Twin Peaks: Where Everyday Meets Evil

(Warning: This article not only contains spoilers, but also a brief discussion of sexual assault)
This week on Twin Peaks, deputy director Gordon Cole and the hapless detective Dave Mackley — along with the adorably misanthropic one-two punch of Albert and Diane, and, for some reason, a lost-looking runway model named Tammy — undertook a journey to find a rift between our everyday world and a mysterious parallel dimension inhabited by great evil. They found it in an abandoned shack in a rundown tract of rural development in Nowheresville, South Dakota (okay, it’s actually called Buckhorn).

Isn’t that awesome? I mean, come on. That place just screams white trash. It’s not even night time. They’re investigating this place in broad daylight. I love it.
If this were Game of Thrones (Twin Peaks’ current ratings rival), the portal to a terrifying hell dimension would be located in a desolate cave surrounded by talon-like mountain peaks by the coast, and not only would it be the dead of night, but there would be a howling storm all about, with the wind whipping and waves crashing, and by God you would just feel the evil.
But Twin Peaks is something else entirely, and that is what’s spectacular about it.
Don’t get me wrong. I love Game of Thrones. A significant portion of my day is spent grinning at moronic Facebook memes featuring Sansa’s deadpan or Rickon’s linearity.
And I also love Twin Peaks. I’ve loved Twin Peaks since my teen years; i.e. the early 2000s, long after season two had ended. I was intrigued by Lost Highway, seduced by Blue Velvet, and charmed by Wild At Heart, but I was completely consumed by Twin Peaks: Fire Walk With Me. I must’ve watched it at least thirty times in the space of a year. I forced all my friends to watch it, too. It became the cinematic cultural touchstone of my high school years. One of my favorite heavy metal musicians, the virtuosic throat mutant known as Mike Patton, happened to cover a song from the movie with his band Fantomas. Then the first season of the TV show was re-released on DVD, and shortly thereafter, I discovered that my local public library had the entire second season on VHS.
Clearly the universe was coalescing around my Twin Peaks obsession. I absorbed every moment, from Agent Cooper’s gleeful use of the word “damn” re: cherry pie to the backwards talking midget over-enunciating the (inexplicably unsettling) word “garmonbozia.” I even tolerated the James Hurley crap! But even though I knew who killed Laura Palmer, one question remained.
Why does this crazy Twin Peaks stuff speak to me this way?
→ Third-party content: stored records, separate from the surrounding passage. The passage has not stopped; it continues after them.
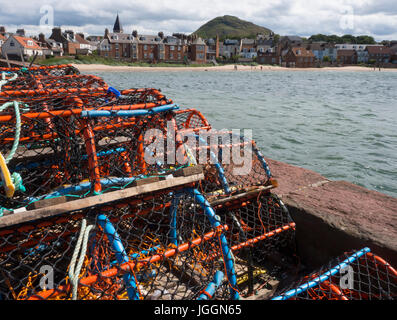stack of crab and lobster pots (creels) on the harbour at North Berwick, East Lothian, Scotland Stock Photo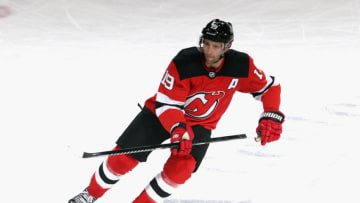 NEWARK, NEW JERSEY - JANUARY 24: Travis Zajac #19 of the New Jersey Devils skates against the New York Islanders at the Prudential Center on January 24, 2021 in Newark, New Jersey. (Photo by Bruce Bennett/Getty Images)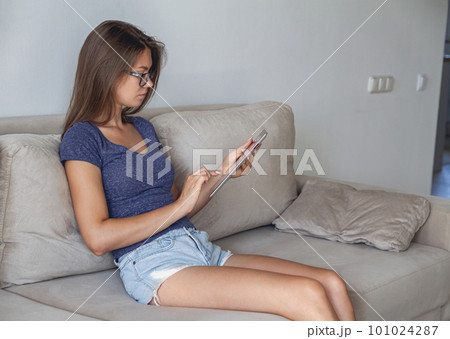 Young woman sitting on sofa and using tablet at home Young woman sitting on sofa and using tablet at home 101024287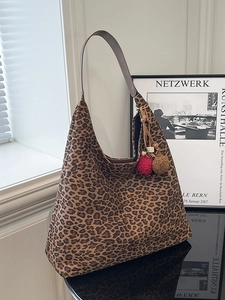 Large leopard print tote bag with brown leather straps and colorful pompom charms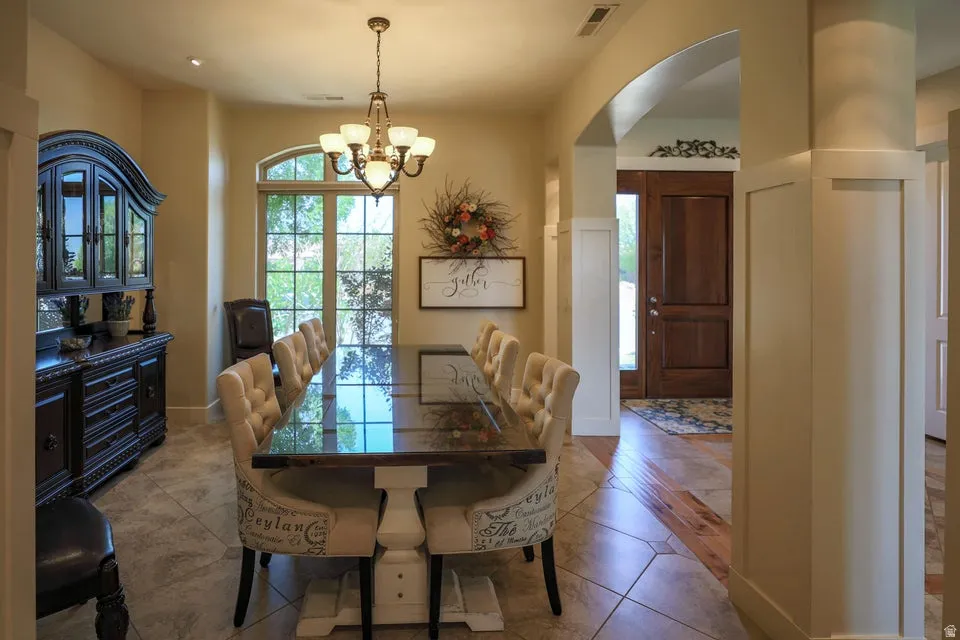 Dining area featuring tile flooring, an arched entryway, and a large window with grid panes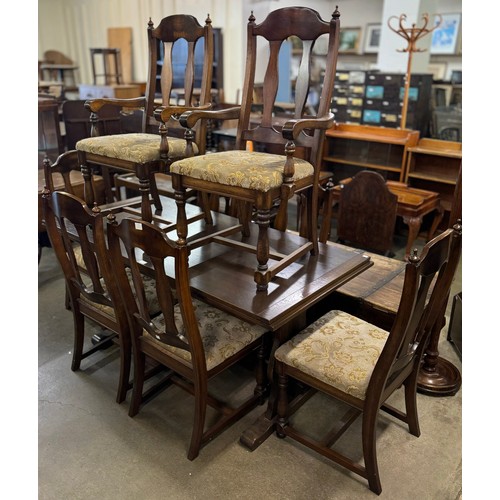 174 - An oak refectory table and eight chairs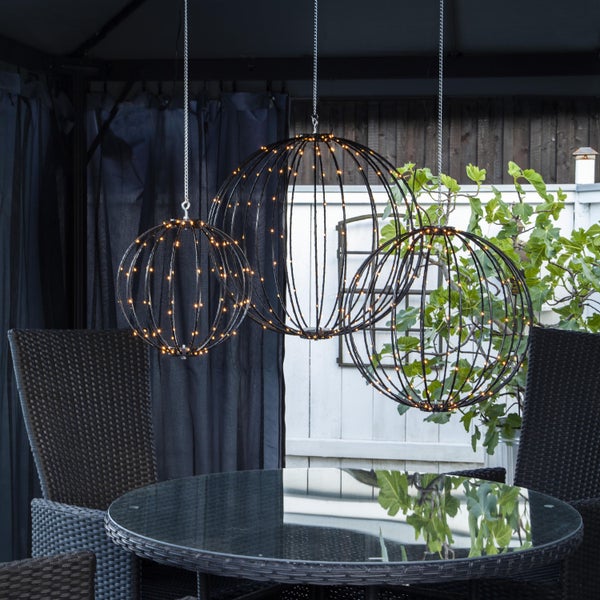 Dekorative Gartenbeleuchtung mit drei LED-Kugeln über einem Gartentisch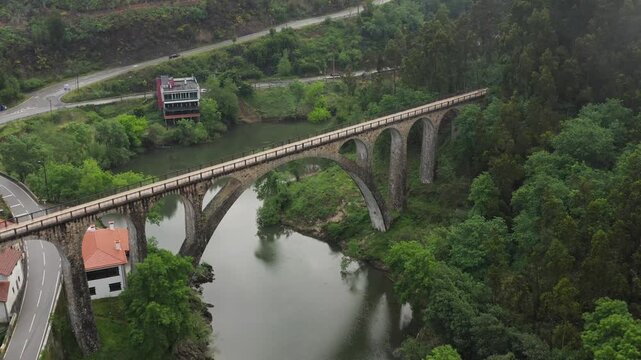 Aerial view of the historic stone arch Poco de Santiago Bridge spanning the river surrounded by lush green forests and winding roads in Sever do Vouga, Aveiro District, Portugal.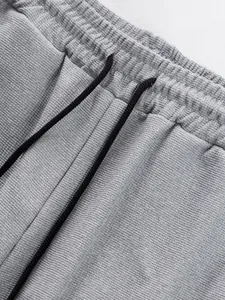 Close-up of grey textured sweatpants featuring elastic waistband and black drawstrings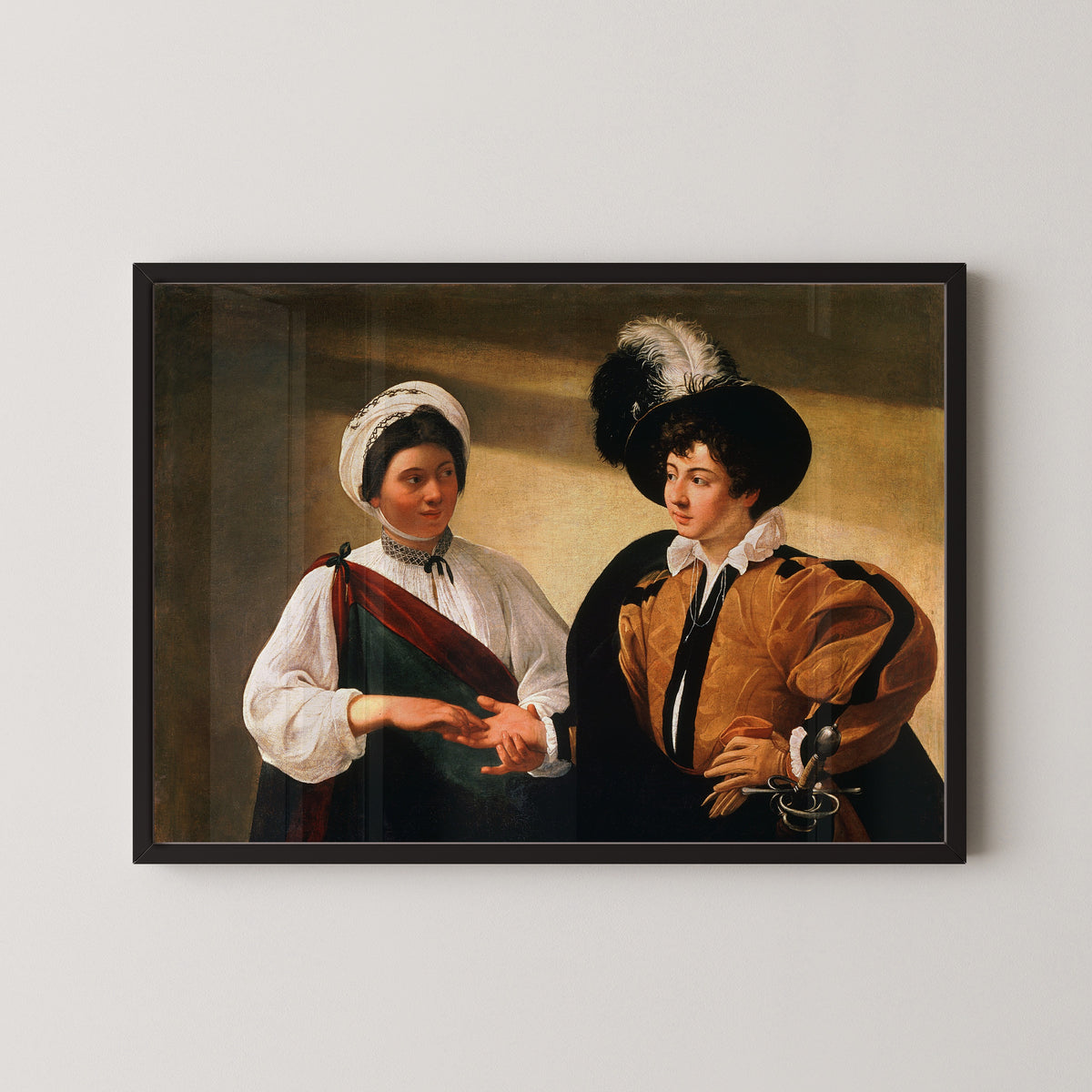 Framed art print of The Fortune Teller by Caravaggio, in a black frame on a pale wall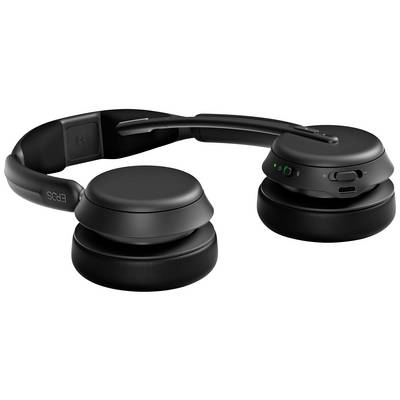 Écouteurs sans fil noirs avec arceau ajustable et coussinets d'oreille doux, posés sur une table, avec port de charge et boutons de commande.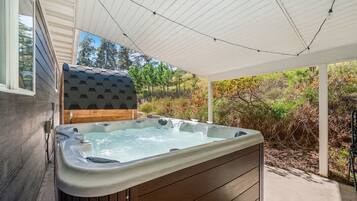 Een jacuzzi in een overdekte buitenruimte met uitzicht op bomen en struiken.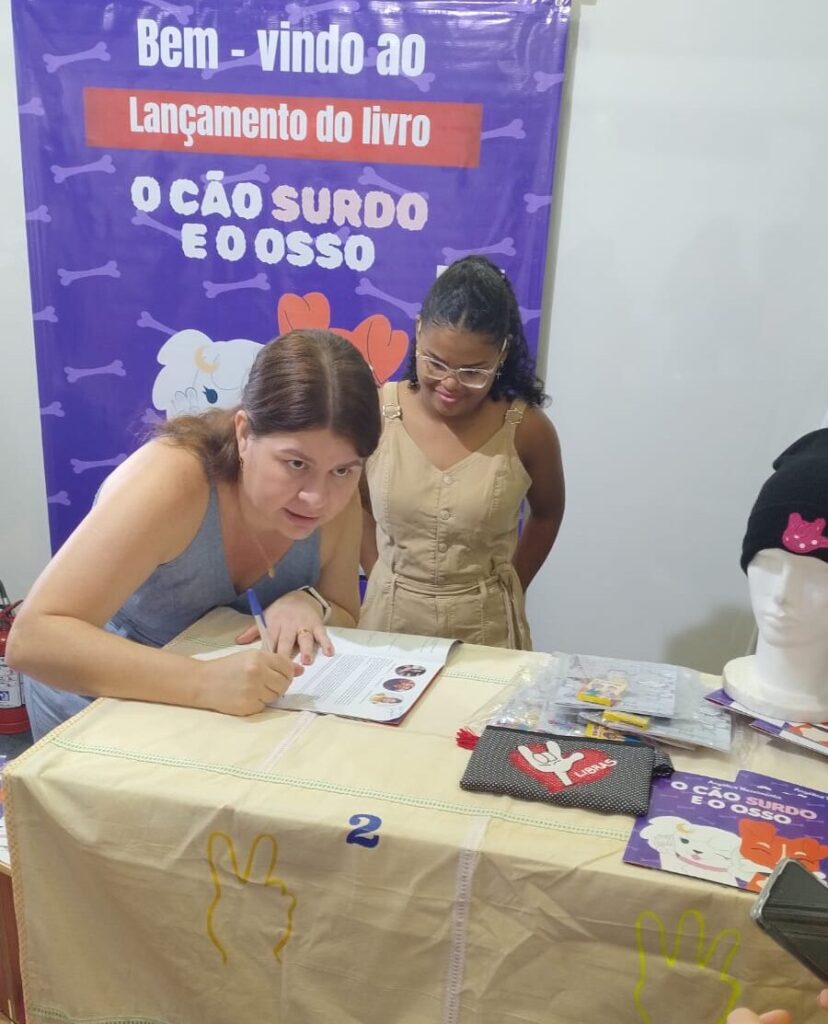 Angélica, escritora assinando o livro o cão surdo e o osso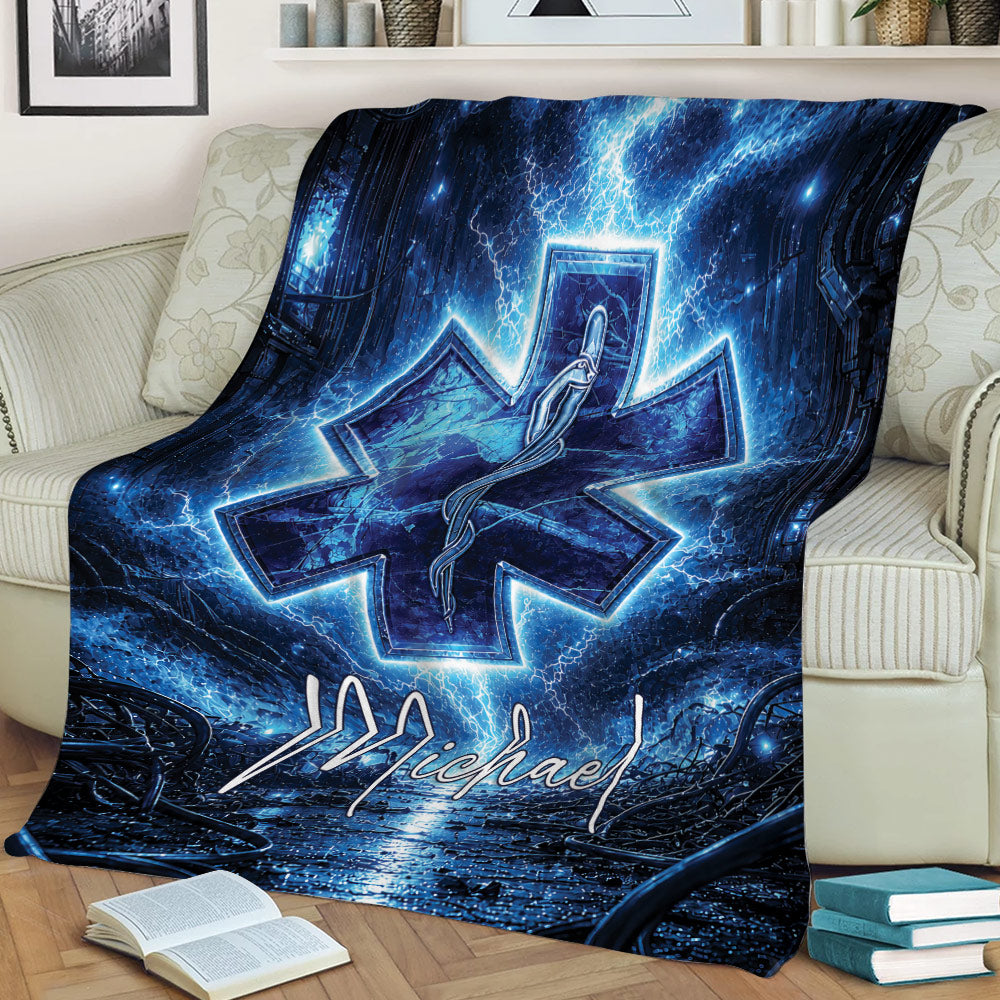 Paramedic throw blanket styled on a couch with blue lightning, caduceus, and Star of Life design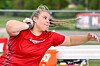 Athlete in a red uniform extending an arm while throwing a discus outdoors.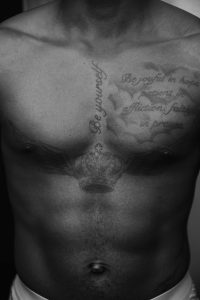 Gros plan d'un torse masculin avec des tatouages complexes sur la poitrine en noir et blanc.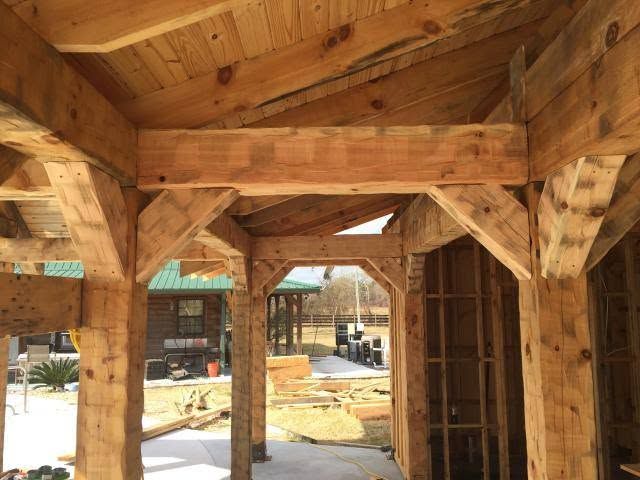Looking up into a timber porch: heavy rough-sawn posts, braces and beams under a plank ceiling. Opens larger.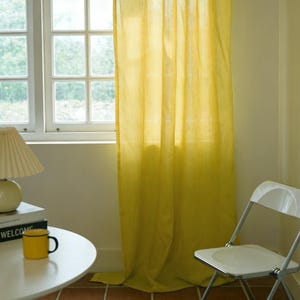 Pode incluir: Uma cortina amarela brilhante está pendurada ao lado de uma janela branca. Uma mesa branca tem uma lâmpada e uma caneca amarela. Uma cadeira dobrável branca está por perto. O quarto tem uma atmosfera acolhedora.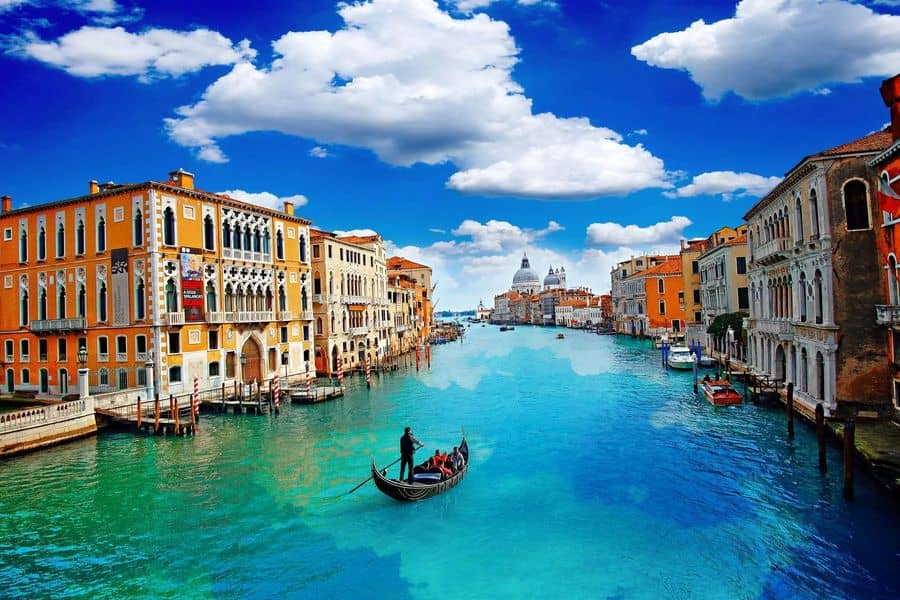 The Republic of Venice became wealthy primarily through what?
The first time I saw Bob, the emissary of evil in the Twin Peaks universe, my first response was “Really? Denim jacket, huh?” I mean, how on earth could a transdimensional being of pure malice have the name “Bob”? Bob is the name of a prematurely balding accountant. It’s the name of an artificially cheerful customer service rep who will be with you shortly. It’s the name of a guy who lives down the street and sells cheap cars, but used to play football real good.
And that’s exactly the point.
Twin Peaks is all about the jarring intersection of mystical evil and every day reality, and that is what makes it so entrancing. Take another look at that iconic Red Room floor.

Our daily lives are peppered, if not permeated, with blotches of evil that none of us can explain, and that most of us want to ignore. For example, we all know people who’ve been raped. I’m sorry, we do. We interact with them, perhaps even on a daily basis, and may never see the signs of it. Maybe it’s your friendly waitress, bringing the beer to your table. Maybe it’s your easy-going co-worker who suddenly turns cold when her boundaries are threatened. Maybe it’s Bob, who lives down the street and sells cars, and was molested by his JV football coach when he was fourteen. And maybe now, because of that experience, Bob himself has become a rapist. Because we also all know people who are rapists, just like we know people who abuse their children and spouses, and people who take hard drugs to keep their pain at bay. We may never see it happen ourselves, and we certainly don’t want to believe that it happens, so we pretend that it doesn’t. We pretend there’s no dark secret behind the friendly waitress’ smile. We pretend there’s nothing wrong with Bob.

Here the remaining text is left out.